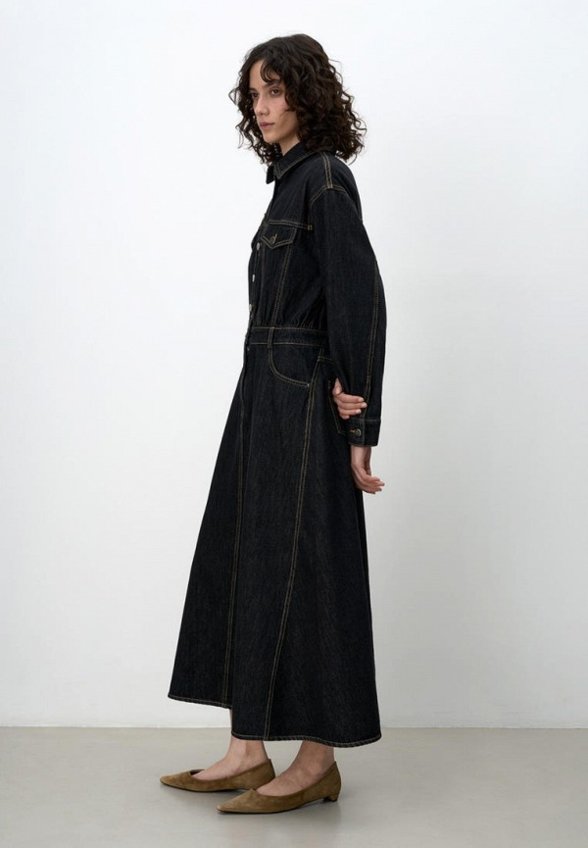 Платье джинсовое Brusnika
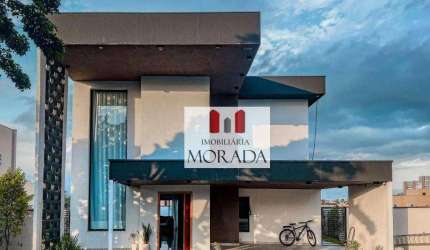 Casa com 4 dormitórios à venda, 273 m² por R$ 2.400.000 - Condomínio Residencial Monte Carlo - São José dos Campos/SP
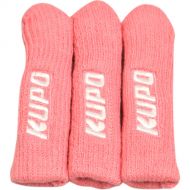Kupo Stand Leg Protectors (Pink, Set of 3)
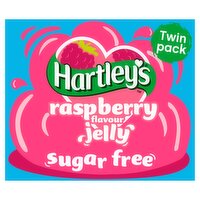 Hartley's Raspberry Jelly Sugar Free Twin Pack (23 g)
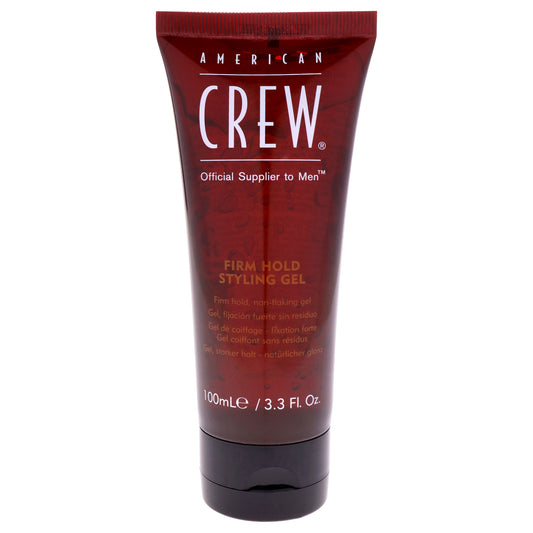 Firm Hold Styling Gel 3.3 oz Gel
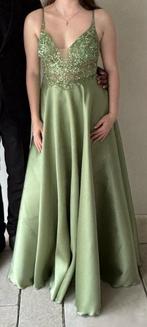Groene Gala Jurk, Kleding | Dames, Gelegenheidskleding, Ophalen of Verzenden, Zo goed als nieuw, Groen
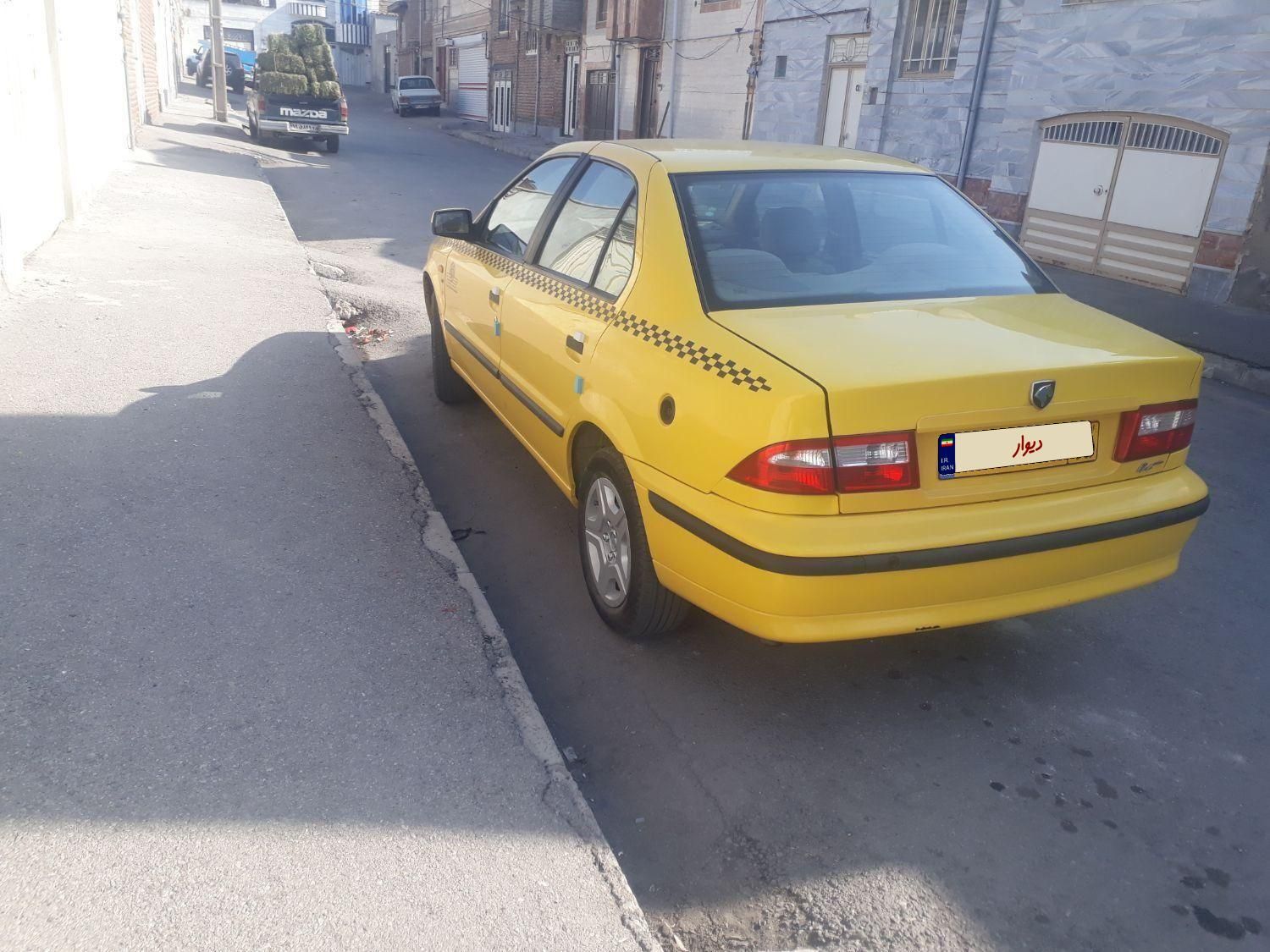 سمند LX EF7 دوگانه سوز - 1400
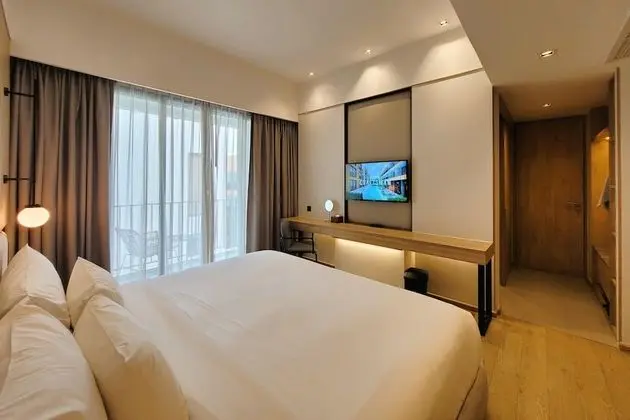 Deluxe Oda, 1 En Büyük (King) Boy Yatak, Balkon
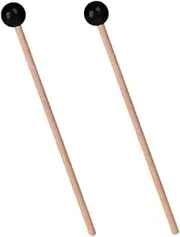 Abaodam Drumsticks Percussion Mallets Set 2pc Small Rubber Mallets for Boys and Girls Musical Instruments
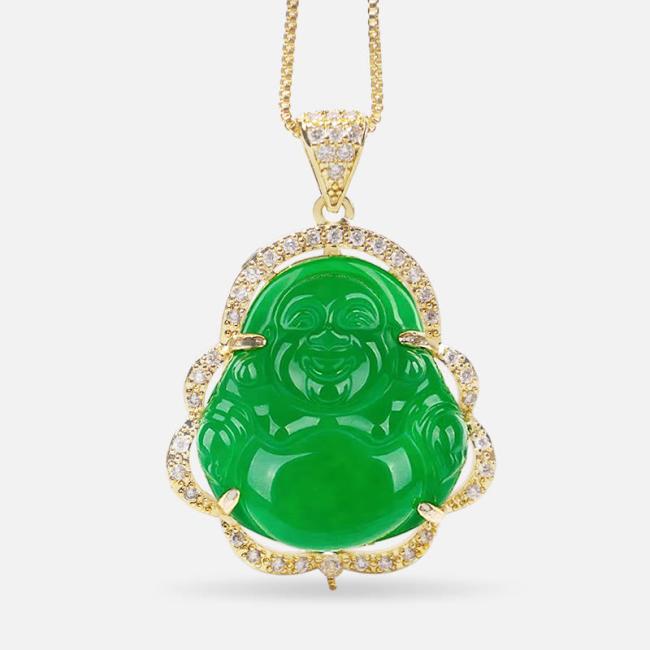 Necklaces & Pendants | Good Luck Laughing Buddha Necklace Jewelry Necklaces & Pendants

* **Description of the task**: All records must be output exactly as they are, except for the pictures, which are left out.

* **Task response**:
 Платье джинсовое Brusnika
 Casa com 4 dormitórios à venda, 273 m² por R$ 2.400.000 - Condomínio Residencial Monte Carlo - São José dos Campos/SP
Kupo Stand Leg Protectors (Pink, Set of 3)
 Hartley's Raspberry Jelly Sugar Free Twin Pack (23 g)
 Firm Hold Styling Gel 3.3 oz Gel
Groene Gala Jurk, Kleding | Dames, Gelegenheidskleding, Ophalen of Verzenden, Zo goed als nieuw, Groen
 سمند LX EF7 دوگانه سوز - 1400
 Deluxe Oda, 1 En Büyük (King) Boy Yatak, Balkon
 Abaodam Drumsticks Percussion Mallets Set 2pc Small Rubber Mallets for Boys and Girls Musical Instruments
 Necklaces & Pendants | Good Luck Laughing Buddha Necklace Jewelry Necklaces & Pendants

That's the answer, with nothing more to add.